On Thu, 2005-05-12 at 17:08 +0000, Aaron Stone wrote:
> >> Geo, would you this up as a patch against current dbmail_2_0_branch SVN?
> >
> > Attached. This means dbmail will mandate GMT/UTC in the SQL-side.
>
> Does that change current behavior? I haven't been following the issue yet,
> as to whether we are keeping dates in the server's local time or in GMT --
> is that the entire problem so far?
It can. It depends on the administrator. I recommend the following
changes to:
Pg driver should to do this somewhat early (after bringing connection
up):
SET SESSION TIME ZONE GMT;
Sqlite driver needs to have a:
localtime_r(&now, &tm);
turned into:
gmtime_r(&now, &tm);
Now: Pg's server RIGHT NOW should be started with TZ=GMT, and the above
isn't needed. SQLite can have dbmail started with TZ=GMT and you're
okay.
Mysql definately needs TZ=GMT in the safe_mysqld script (or similar-
anyone know of a way to get dbmail to do it?)
I _ALWAYS_ run my services with TZ=UTC (or TZ=GMT) and I recommend
others do the same.
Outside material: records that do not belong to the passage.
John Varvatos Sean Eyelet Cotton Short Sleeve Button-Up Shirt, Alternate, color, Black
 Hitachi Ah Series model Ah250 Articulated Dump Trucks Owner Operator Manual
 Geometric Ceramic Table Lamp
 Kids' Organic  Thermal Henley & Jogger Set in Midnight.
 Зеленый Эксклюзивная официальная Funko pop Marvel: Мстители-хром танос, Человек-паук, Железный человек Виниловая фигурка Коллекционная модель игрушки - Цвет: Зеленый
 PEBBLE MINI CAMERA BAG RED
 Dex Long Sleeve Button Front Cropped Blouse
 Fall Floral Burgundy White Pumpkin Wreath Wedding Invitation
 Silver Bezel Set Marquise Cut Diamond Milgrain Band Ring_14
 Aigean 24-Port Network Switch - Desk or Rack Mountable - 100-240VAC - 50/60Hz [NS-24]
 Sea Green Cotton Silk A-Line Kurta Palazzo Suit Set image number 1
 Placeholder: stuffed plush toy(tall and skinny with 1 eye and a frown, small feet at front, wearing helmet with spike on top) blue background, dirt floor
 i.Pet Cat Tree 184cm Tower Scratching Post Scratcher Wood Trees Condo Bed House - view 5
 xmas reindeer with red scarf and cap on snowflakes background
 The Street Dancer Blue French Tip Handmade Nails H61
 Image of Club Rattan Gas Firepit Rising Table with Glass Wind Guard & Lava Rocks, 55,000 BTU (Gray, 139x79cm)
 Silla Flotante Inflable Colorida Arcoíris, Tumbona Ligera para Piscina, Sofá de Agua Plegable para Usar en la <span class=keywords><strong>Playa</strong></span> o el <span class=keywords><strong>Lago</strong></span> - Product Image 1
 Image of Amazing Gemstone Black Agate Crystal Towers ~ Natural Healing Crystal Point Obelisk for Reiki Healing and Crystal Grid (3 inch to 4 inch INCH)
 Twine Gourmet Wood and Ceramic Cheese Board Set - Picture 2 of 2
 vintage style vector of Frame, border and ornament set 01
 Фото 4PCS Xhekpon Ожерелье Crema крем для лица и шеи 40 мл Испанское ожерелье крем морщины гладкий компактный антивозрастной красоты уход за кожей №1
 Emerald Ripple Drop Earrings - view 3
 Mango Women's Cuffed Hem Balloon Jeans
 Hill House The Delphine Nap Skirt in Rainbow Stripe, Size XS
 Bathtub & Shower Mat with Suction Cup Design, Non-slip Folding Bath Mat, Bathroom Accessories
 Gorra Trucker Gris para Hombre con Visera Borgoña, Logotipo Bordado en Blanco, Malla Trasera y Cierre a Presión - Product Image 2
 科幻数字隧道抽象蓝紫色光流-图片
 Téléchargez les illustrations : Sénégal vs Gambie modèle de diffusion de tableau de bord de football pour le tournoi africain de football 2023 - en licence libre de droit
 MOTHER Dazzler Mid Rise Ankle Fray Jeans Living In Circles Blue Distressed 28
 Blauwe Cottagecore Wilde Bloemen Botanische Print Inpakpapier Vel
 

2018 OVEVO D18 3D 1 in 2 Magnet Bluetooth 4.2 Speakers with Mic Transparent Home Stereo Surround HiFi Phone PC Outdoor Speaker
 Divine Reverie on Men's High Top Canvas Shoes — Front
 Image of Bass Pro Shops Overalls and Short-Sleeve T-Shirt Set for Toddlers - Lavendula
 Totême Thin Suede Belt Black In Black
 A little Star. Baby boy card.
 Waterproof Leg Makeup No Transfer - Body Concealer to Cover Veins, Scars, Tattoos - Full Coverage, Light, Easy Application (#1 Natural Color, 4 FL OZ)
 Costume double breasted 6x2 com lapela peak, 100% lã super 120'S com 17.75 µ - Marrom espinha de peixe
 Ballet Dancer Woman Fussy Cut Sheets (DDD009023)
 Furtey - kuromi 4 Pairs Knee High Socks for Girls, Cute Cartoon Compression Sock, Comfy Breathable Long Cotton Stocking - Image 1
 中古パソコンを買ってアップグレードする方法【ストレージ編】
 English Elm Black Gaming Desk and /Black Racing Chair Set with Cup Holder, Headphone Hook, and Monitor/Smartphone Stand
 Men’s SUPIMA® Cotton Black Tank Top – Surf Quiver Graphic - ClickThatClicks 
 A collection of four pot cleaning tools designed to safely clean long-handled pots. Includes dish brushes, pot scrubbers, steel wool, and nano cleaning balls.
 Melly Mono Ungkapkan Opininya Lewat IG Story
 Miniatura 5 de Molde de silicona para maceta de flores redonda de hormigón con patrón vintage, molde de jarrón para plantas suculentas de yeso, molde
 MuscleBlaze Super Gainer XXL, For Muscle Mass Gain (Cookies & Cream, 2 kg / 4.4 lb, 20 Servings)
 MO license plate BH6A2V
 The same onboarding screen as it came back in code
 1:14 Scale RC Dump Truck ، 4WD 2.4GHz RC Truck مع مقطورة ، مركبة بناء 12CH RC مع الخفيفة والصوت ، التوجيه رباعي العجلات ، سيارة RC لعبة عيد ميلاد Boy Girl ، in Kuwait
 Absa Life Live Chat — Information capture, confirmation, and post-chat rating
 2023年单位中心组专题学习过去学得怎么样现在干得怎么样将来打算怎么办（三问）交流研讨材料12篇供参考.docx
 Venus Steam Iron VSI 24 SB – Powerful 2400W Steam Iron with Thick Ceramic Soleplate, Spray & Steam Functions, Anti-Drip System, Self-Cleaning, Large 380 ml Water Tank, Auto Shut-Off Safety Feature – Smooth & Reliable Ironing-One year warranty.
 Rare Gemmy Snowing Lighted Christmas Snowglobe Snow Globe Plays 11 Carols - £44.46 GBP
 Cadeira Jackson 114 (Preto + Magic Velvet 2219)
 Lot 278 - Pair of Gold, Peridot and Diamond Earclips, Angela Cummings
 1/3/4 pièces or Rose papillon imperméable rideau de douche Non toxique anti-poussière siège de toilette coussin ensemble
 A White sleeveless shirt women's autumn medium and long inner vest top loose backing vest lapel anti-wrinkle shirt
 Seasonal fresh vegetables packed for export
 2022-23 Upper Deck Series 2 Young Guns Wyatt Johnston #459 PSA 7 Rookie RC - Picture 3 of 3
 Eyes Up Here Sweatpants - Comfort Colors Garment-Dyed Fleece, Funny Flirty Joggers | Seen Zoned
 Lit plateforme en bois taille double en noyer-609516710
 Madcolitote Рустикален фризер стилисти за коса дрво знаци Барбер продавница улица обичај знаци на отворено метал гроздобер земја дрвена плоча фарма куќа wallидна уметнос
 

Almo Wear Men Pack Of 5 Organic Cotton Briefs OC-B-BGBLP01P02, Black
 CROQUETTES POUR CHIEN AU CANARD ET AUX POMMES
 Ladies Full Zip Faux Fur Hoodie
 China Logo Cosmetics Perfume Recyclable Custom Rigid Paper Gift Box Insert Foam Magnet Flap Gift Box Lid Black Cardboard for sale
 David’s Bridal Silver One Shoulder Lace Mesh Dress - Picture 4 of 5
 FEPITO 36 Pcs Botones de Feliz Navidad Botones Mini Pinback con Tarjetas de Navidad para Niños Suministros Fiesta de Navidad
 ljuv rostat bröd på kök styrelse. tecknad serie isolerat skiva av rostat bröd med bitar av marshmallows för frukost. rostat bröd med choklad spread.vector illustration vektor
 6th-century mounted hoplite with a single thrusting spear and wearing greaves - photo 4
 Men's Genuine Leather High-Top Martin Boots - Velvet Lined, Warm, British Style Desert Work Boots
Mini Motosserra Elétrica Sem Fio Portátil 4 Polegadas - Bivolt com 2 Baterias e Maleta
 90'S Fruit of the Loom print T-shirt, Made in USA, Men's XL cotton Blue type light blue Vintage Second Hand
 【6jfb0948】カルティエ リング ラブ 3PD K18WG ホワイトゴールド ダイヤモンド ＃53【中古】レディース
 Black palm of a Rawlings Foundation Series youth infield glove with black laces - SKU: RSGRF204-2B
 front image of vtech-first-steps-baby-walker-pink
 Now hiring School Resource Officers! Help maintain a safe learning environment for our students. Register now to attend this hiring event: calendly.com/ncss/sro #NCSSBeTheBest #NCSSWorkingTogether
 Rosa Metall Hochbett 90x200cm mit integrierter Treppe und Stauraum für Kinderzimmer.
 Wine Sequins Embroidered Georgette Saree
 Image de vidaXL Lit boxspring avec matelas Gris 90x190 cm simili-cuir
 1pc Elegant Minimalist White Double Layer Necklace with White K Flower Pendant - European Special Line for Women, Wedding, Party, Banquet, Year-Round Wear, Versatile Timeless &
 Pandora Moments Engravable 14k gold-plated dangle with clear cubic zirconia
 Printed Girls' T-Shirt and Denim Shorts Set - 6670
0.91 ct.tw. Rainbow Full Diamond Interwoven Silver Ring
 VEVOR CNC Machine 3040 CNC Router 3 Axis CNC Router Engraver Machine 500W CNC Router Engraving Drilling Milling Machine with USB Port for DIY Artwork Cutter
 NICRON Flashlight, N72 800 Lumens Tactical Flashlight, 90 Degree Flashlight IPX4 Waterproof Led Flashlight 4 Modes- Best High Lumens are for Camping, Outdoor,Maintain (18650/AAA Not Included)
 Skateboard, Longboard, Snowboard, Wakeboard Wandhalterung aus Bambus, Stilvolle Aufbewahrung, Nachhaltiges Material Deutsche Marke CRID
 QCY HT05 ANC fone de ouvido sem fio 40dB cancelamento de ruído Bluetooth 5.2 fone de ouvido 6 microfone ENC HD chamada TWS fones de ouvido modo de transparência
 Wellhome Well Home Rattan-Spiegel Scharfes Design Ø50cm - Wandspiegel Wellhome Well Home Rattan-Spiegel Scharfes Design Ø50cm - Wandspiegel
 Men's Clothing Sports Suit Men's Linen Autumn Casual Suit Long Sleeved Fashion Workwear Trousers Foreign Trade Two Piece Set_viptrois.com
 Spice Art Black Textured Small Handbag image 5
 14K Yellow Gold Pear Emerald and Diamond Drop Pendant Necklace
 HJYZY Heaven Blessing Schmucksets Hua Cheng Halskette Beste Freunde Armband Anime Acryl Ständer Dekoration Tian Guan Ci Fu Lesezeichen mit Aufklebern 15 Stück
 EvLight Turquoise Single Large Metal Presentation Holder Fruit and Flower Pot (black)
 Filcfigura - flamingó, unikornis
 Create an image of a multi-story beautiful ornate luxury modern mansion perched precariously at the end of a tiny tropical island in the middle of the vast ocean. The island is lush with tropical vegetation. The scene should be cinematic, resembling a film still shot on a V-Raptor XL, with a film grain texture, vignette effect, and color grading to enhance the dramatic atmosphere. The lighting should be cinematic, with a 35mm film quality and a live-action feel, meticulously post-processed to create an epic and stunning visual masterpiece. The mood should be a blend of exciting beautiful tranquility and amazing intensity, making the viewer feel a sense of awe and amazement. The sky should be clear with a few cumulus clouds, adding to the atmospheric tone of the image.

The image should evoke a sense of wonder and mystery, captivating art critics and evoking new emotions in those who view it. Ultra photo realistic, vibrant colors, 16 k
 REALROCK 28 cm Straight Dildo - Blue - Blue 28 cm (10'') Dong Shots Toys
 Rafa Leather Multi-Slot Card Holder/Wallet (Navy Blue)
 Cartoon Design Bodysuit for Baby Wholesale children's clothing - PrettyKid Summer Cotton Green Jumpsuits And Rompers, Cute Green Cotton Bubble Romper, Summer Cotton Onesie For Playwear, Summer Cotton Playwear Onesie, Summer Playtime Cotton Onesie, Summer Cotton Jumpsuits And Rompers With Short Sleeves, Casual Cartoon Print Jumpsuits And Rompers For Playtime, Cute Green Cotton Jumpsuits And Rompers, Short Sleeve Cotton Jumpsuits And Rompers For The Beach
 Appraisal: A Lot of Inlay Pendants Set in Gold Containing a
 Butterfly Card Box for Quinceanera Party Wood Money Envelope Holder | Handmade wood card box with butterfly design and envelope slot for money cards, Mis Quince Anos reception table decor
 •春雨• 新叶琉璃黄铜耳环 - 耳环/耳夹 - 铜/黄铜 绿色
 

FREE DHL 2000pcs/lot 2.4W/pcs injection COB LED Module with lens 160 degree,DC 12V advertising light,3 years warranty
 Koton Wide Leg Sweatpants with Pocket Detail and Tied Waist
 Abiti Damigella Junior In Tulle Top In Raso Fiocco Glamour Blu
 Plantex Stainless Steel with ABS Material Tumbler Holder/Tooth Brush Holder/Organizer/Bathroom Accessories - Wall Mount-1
I don't know if dbmail can force mysql to do the
right thing, but at the very least, these things should be documented:
something like
MYSQL USERS:
You _MUST_ set TZ=GMT in your safe_mysqld script (or however mysqld is
started on your system) or your time stamps will be WRONG. This is
because DBMAIL NO LONGER attempts to do funky time zone conversion that
will only be undone by the client anyway.
POSTGRESQL USERS:
DBMAIL sets the session timezone to GMT. You don't have to do anything.
SQLITE USERS:
DBMAIL always uses GMT when speaking to SQLite. You don't have to do
anything UNLESS you're converting an existing SQLite dbmail-
installation. In which case, we'll need you to (perform XYZ operations)
OR JUST SAY FUCKIT and change the gmtime_r in ... back into localtime_r.